The task:
Transcribe the records below from the first line to the line that includes "Luxury Hermès Square", inclusive, and omit the pictures.

Segment Start: Excerpted records

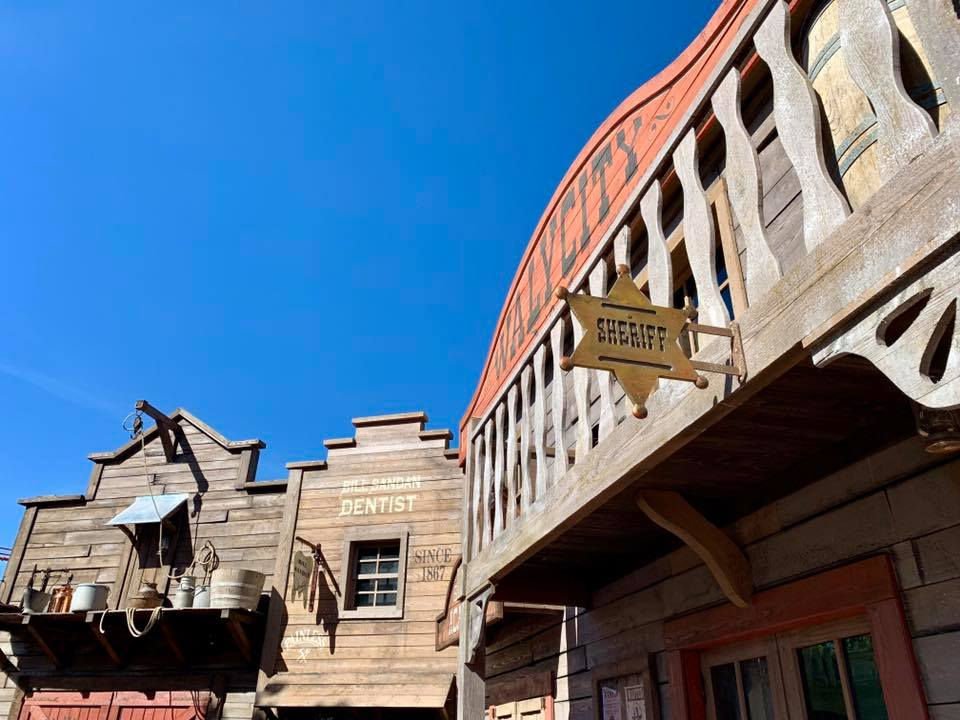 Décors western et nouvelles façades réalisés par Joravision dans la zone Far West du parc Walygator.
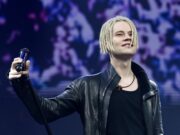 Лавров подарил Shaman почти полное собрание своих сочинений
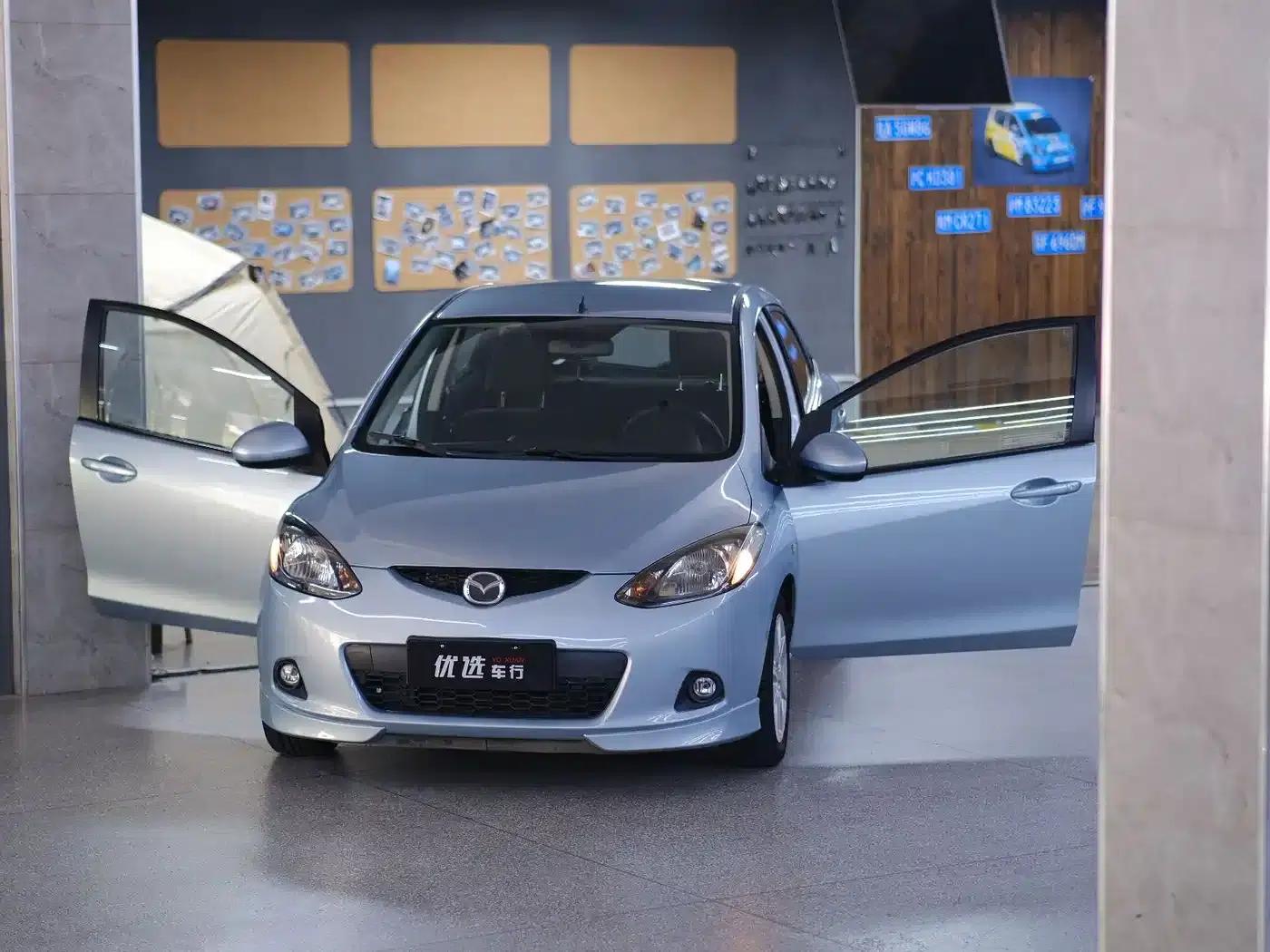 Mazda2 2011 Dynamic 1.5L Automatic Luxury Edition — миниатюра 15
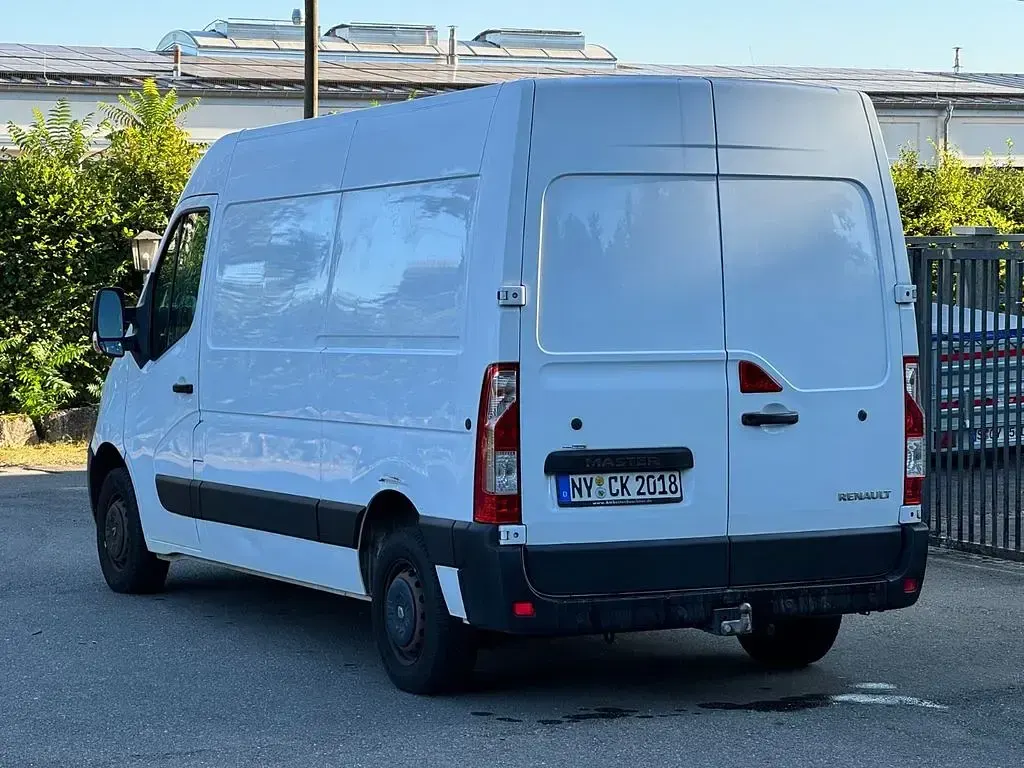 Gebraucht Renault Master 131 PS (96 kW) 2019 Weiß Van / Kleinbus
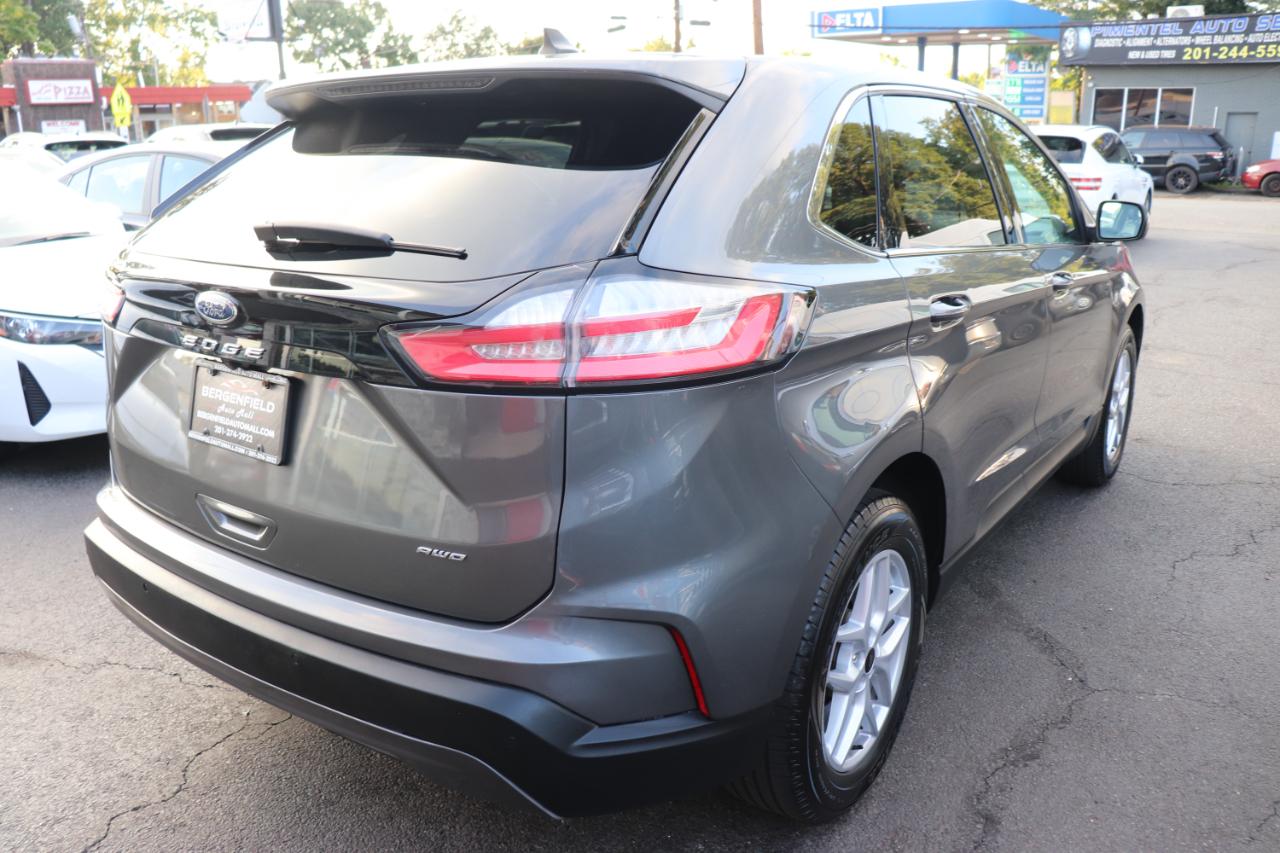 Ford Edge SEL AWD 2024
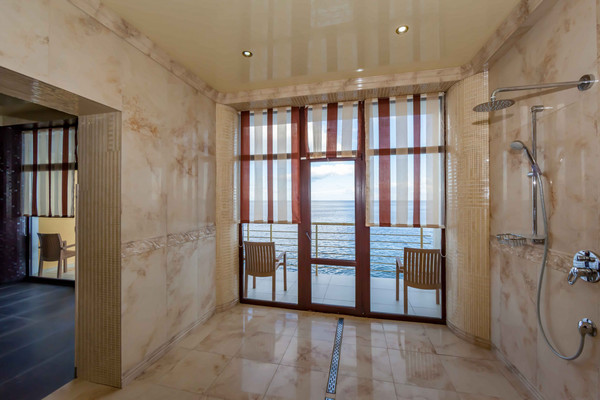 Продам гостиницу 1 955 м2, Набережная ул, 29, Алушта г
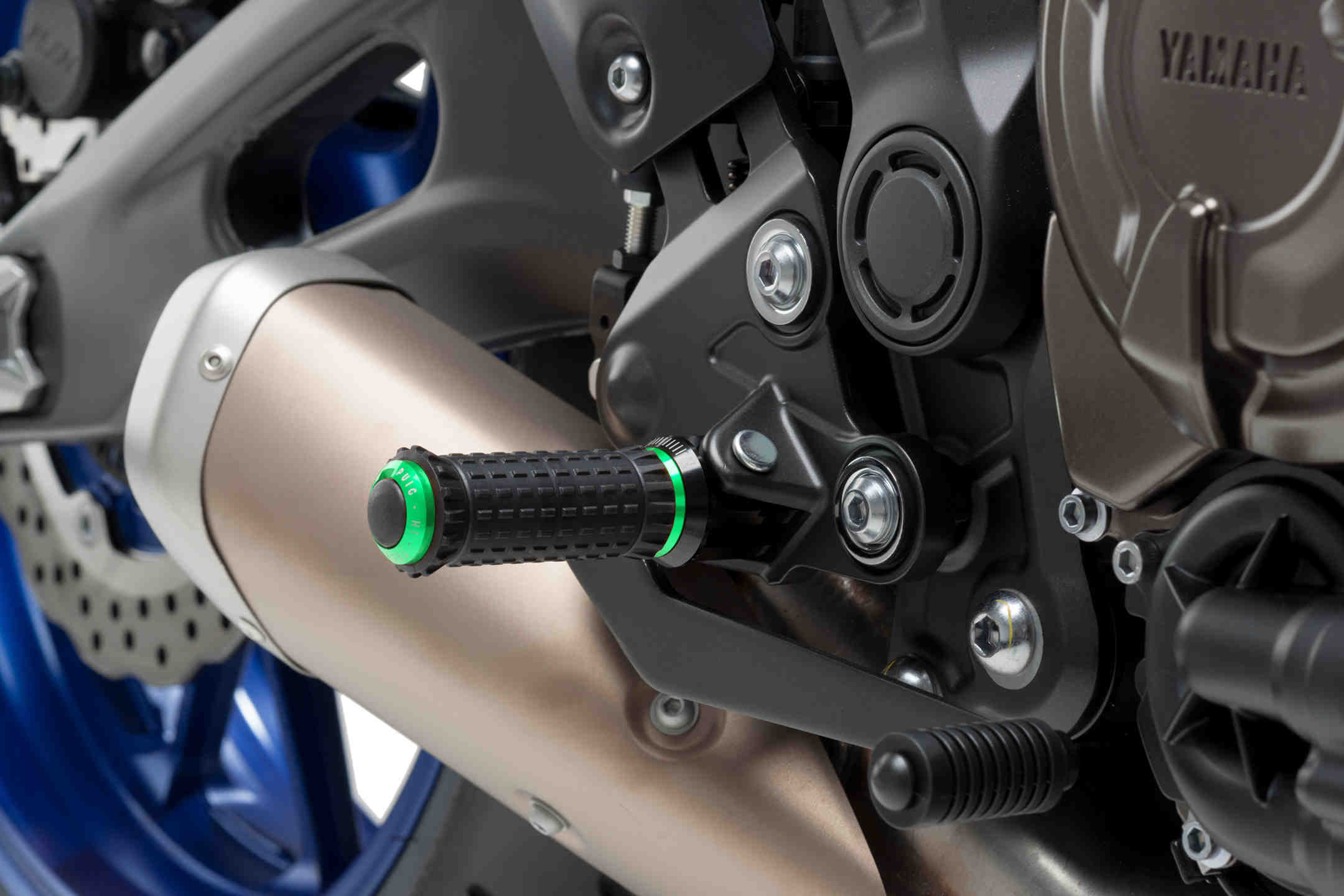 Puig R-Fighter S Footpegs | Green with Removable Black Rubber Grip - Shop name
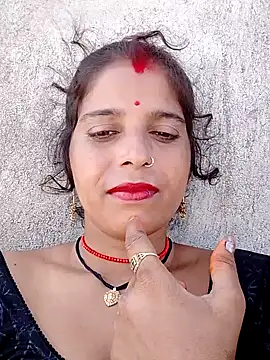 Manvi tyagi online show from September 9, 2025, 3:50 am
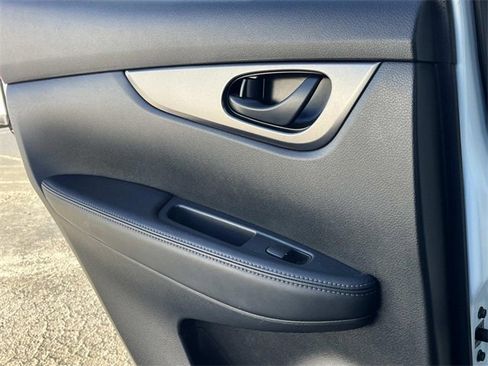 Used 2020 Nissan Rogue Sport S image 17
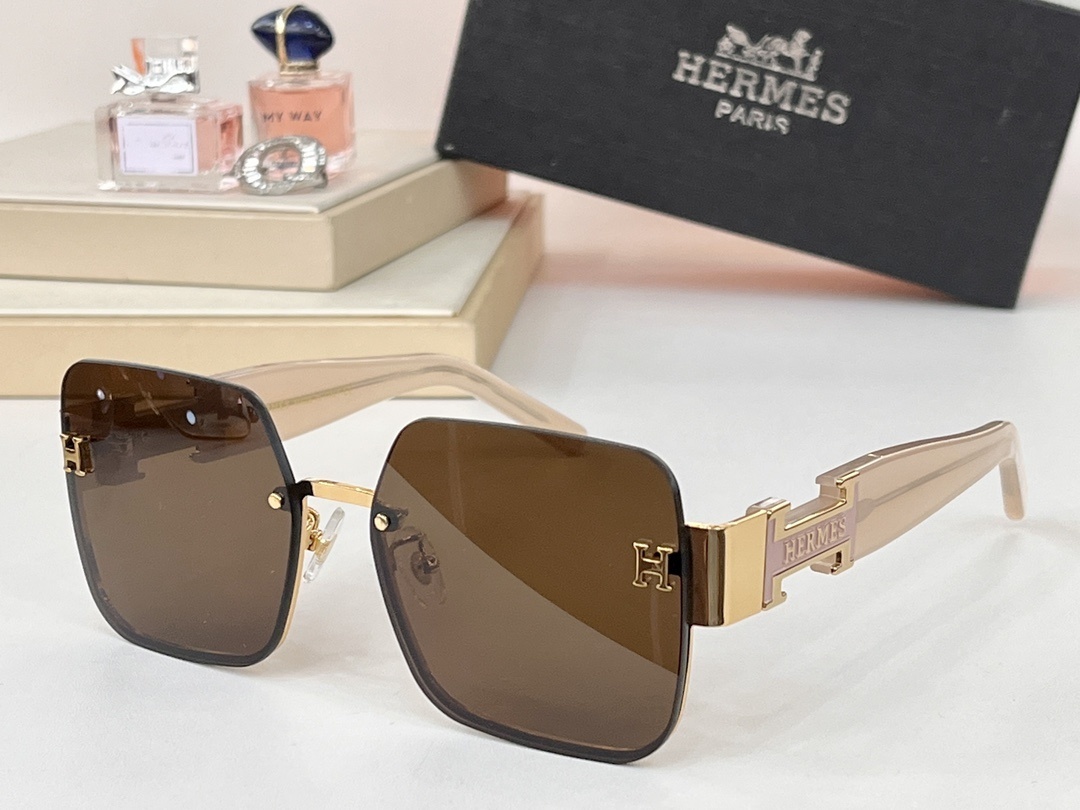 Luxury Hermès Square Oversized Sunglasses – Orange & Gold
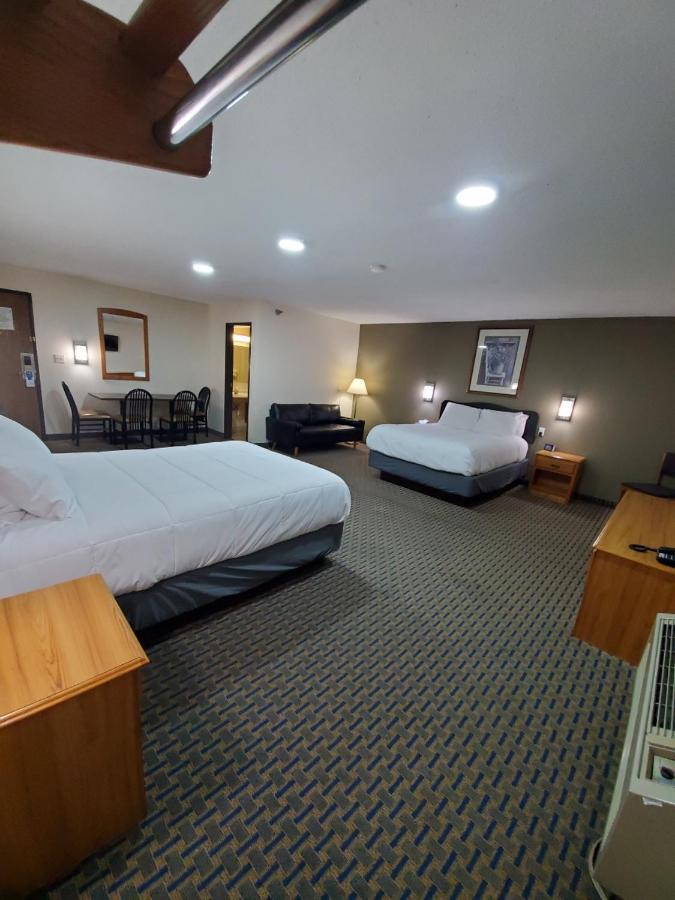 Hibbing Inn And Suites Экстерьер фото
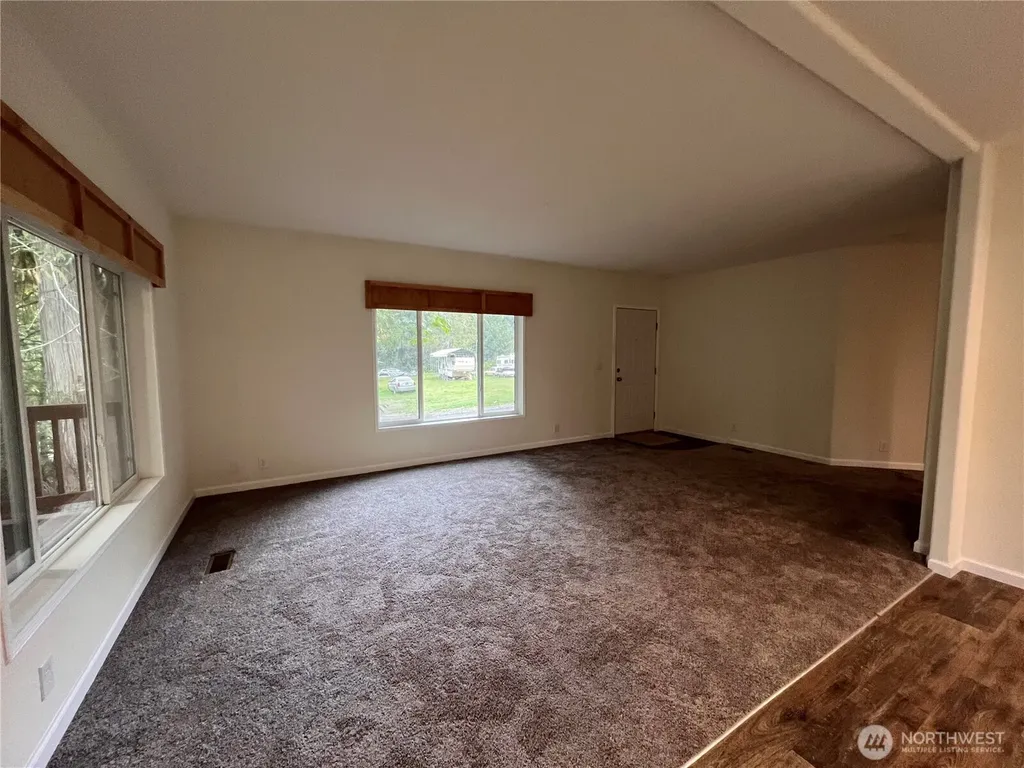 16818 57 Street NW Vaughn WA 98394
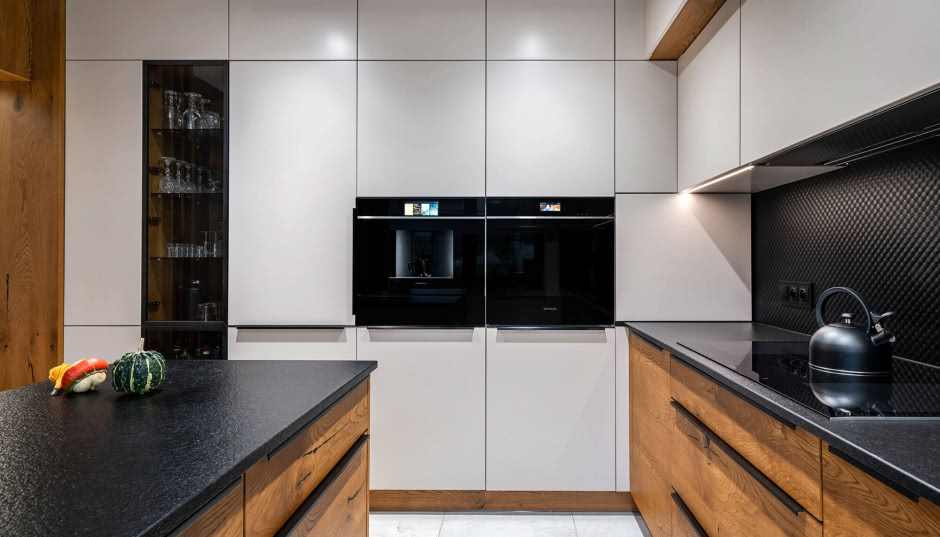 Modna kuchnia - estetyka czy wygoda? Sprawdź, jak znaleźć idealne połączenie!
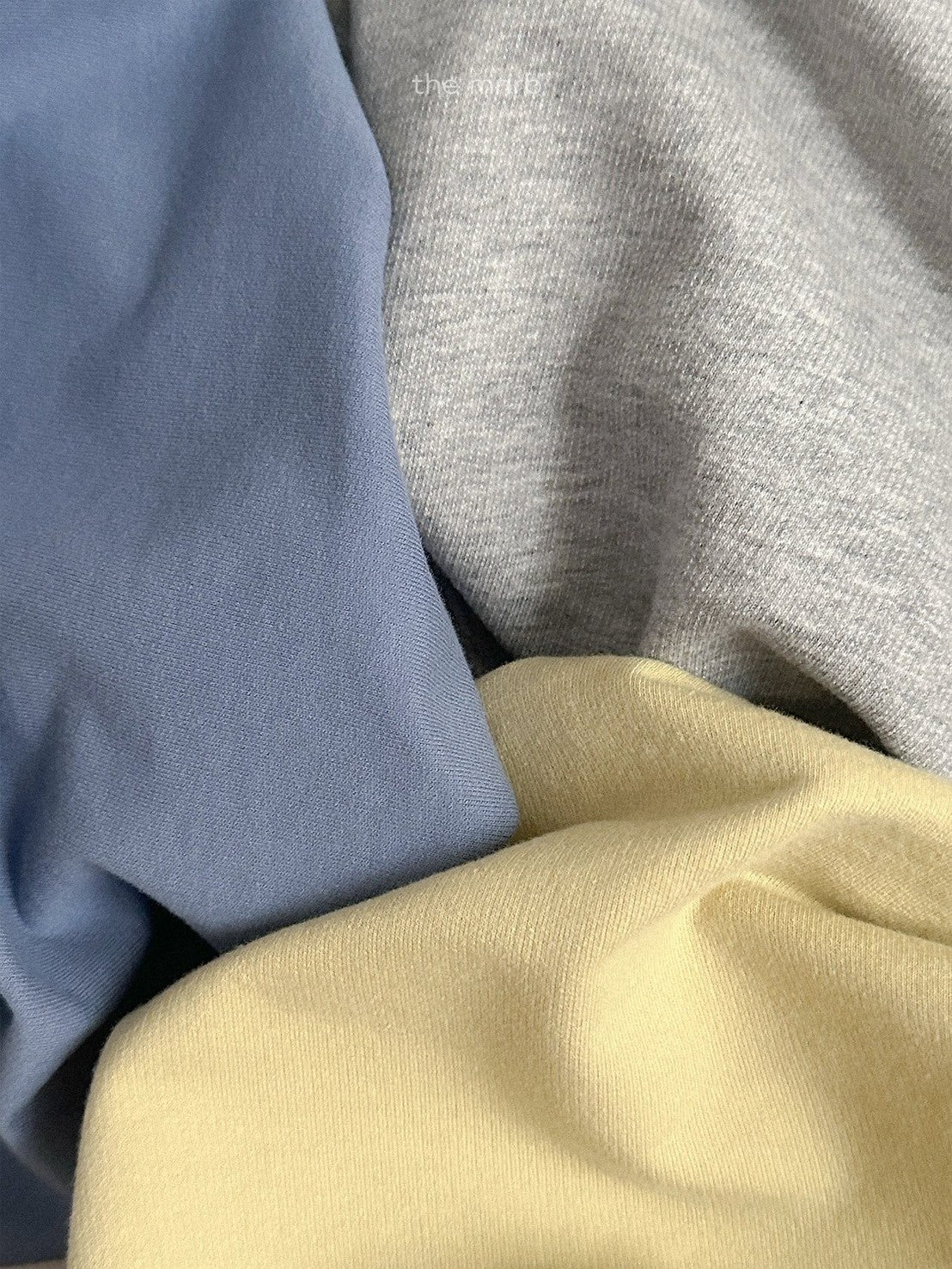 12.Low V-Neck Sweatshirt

Segment End: Excerpted records

Solution to this exercise:
 Décors western et nouvelles façades réalisés par Joravision dans la zone Far West du parc Walygator.
 Лавров подарил Shaman почти полное собрание своих сочинений
 Mazda2 2011 Dynamic 1.5L Automatic Luxury Edition — миниатюра 15
 Gebraucht Renault Master 131 PS (96 kW) 2019 Weiß Van / Kleinbus
 Ford Edge SEL AWD 2024
 Продам гостиницу 1 955 м2, Набережная ул, 29, Алушта г
 Puig R-Fighter S Footpegs | Green with Removable Black Rubber Grip - Shop name
 Manvi tyagi online show from September 9, 2025, 3:50 am
 Used 2020 Nissan Rogue Sport S image 17
 Luxury Hermès Square Oversized Sunglasses – Orange & Gold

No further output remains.